For Uber, this represents a definitive doubling down on a partnership model it adopted after selling its own self-driving unit in 2020. The company now positions itself as the commercial and operational layer for autonomous transport, connecting vehicle makers with riders and handling charging and local fleet logistics. It has said it expects robotaxis from various partners to be available in 15 markets by the end of 2026, with larger deployments ramping up from 2027.
The Rivian deal also includes a significant financial experiment. By agreeing to purchase some vehicles directly, Uber is testing the underlying economics of robotaxi ownership. The company has indicated this will help it explore future financing models with banks and private equity firms to fund even larger fleets later.
Rivian’s Technological Roadmap
For Rivian, the partnership is a major validation of its autonomous driving strategy. Company executives have identified self-driving technology as one of their highest priorities. The R2 vehicle, slated to begin production in 2027, is central to this plan and will be equipped with what Rivian says is its own in-house autonomy chip, a new lidar sensor, 11 high-definition cameras, and five radar sensors.
The company’s ambitions extend beyond commercial fleets. Rivian has stated it is developing self-driving capabilities for personally owned vehicles, with a longer-term vision of cars autonomously handling tasks like airport pickups or school runs. It has also signalled openness to licensing its software to other manufacturers.
Rivian’s existing semi-automated driving subscription service, which offers features like hands-free supervised driving and commanded lane changes, is set to expand. The company has confirmed that auto-parking and ramp-to-ramp motorway functions are expected to follow.
A Crowded and Competitive Field
The agreement lands as the race to deploy autonomous ride-hailing services intensifies. Tesla already maintains a small robotaxi presence in Austin and conducts testing in San Francisco. Waymo and Amazon-owned Zoox are also advancing their own technologies and deployments. Meanwhile, Lucid Motors has outlined its own robotaxi ambitions and is, according to reports, in talks to deepen its existing relationship with Uber.

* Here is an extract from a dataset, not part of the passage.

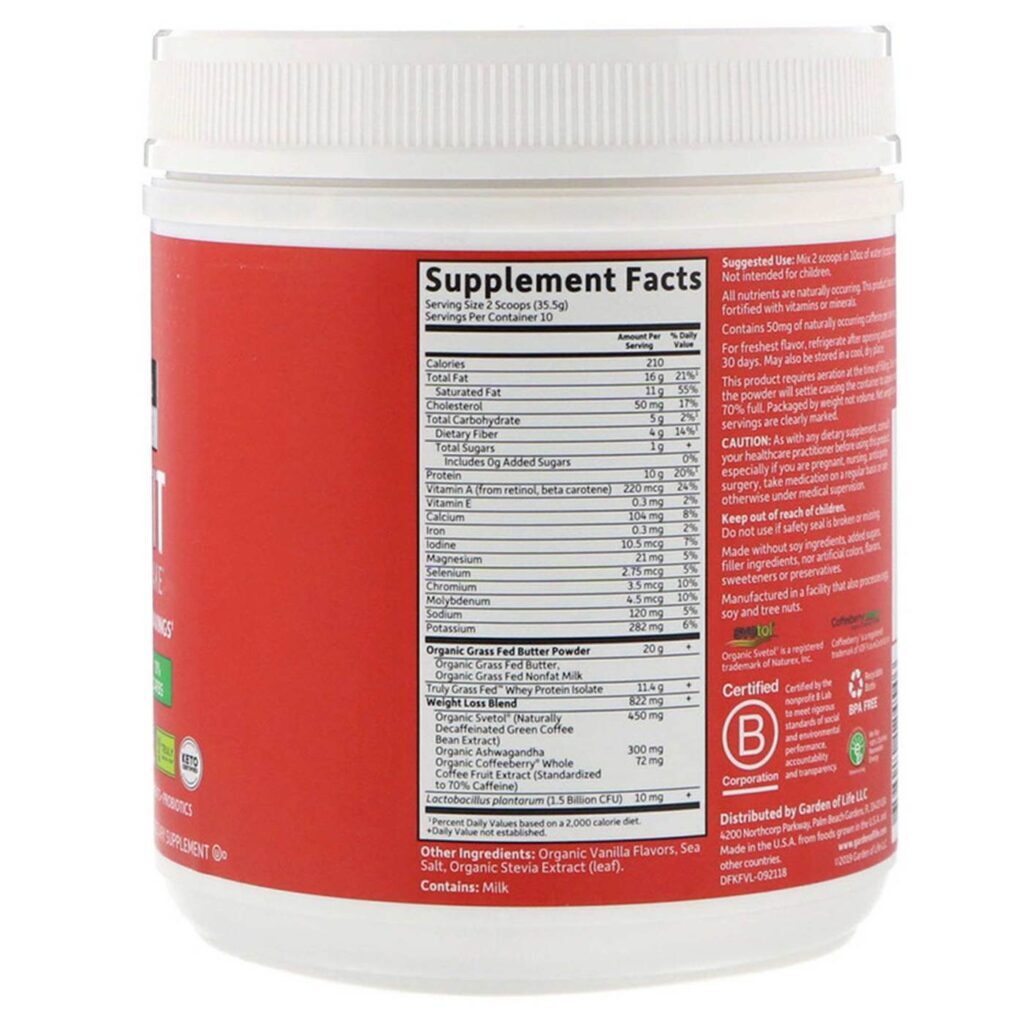 Garden of Life Dr. Formulado Keto Fit Shake Perda De Peso Baunilha 355g (12,52 oz) - Imagem 2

Investors reacted swiftly to the news. Rivian’s share price jumped in premarket trading following the announcement, while Uber’s stock was broadly flat. Shares in Tesla, a key rival in both electric vehicles and autonomy, slipped modestly.
The partnership represents a structured attempt to establish a new standard for how robotaxi fleets are financed, deployed, and brought to market. By combining Rivian’s integrated hardware and software with Uber’s vast network and commercial platform, the two companies are betting they can navigate a path to profitability in a market that remains fraught with both technical and regulatory challenges.